> [THE TASK] Transcribe the rest of the listing below, starting with the line that contains "Upper Blepharoplasty Before" and ending with the last line, exactly as written.

> [INFORMATION SHOWN]
┄┄┄┄┄┄
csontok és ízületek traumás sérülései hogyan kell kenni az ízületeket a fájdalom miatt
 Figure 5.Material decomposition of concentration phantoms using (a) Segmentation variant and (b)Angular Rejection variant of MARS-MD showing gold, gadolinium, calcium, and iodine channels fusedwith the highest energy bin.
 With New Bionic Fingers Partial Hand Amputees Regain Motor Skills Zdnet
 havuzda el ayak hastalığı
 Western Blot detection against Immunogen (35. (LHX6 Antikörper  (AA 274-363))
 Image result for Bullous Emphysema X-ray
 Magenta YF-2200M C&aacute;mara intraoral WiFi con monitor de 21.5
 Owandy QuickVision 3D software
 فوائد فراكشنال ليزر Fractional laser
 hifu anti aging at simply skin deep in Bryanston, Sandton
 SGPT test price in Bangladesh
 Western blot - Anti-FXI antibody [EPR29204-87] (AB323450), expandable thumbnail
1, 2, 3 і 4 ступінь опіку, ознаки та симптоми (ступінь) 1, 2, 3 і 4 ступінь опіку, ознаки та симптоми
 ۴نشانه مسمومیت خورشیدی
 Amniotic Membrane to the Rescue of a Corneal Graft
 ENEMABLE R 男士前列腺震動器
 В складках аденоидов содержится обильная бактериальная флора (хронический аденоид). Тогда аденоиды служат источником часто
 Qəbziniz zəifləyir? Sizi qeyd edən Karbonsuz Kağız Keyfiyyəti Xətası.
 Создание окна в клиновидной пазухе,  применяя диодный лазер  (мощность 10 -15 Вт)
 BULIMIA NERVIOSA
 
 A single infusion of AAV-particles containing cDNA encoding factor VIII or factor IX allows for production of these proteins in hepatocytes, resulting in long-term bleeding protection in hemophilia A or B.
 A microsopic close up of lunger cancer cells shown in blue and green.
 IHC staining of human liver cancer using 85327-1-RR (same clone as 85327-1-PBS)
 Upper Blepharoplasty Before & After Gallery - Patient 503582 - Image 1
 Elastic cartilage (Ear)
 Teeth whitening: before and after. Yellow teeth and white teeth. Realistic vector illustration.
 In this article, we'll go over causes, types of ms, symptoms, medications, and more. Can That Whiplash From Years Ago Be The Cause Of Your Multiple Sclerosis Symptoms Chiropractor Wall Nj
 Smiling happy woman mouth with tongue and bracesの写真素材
┄┄┄┄┄┄
> [EXERCISE SOLUTION]
 Upper Blepharoplasty Before & After Gallery - Patient 503582 - Image 1
 Elastic cartilage (Ear)
 Teeth whitening: before and after. Yellow teeth and white teeth. Realistic vector illustration.
 In this article, we'll go over causes, types of ms, symptoms, medications, and more. Can That Whiplash From Years Ago Be The Cause Of Your Multiple Sclerosis Symptoms Chiropractor Wall Nj
 Smiling happy woman mouth with tongue and bracesの写真素材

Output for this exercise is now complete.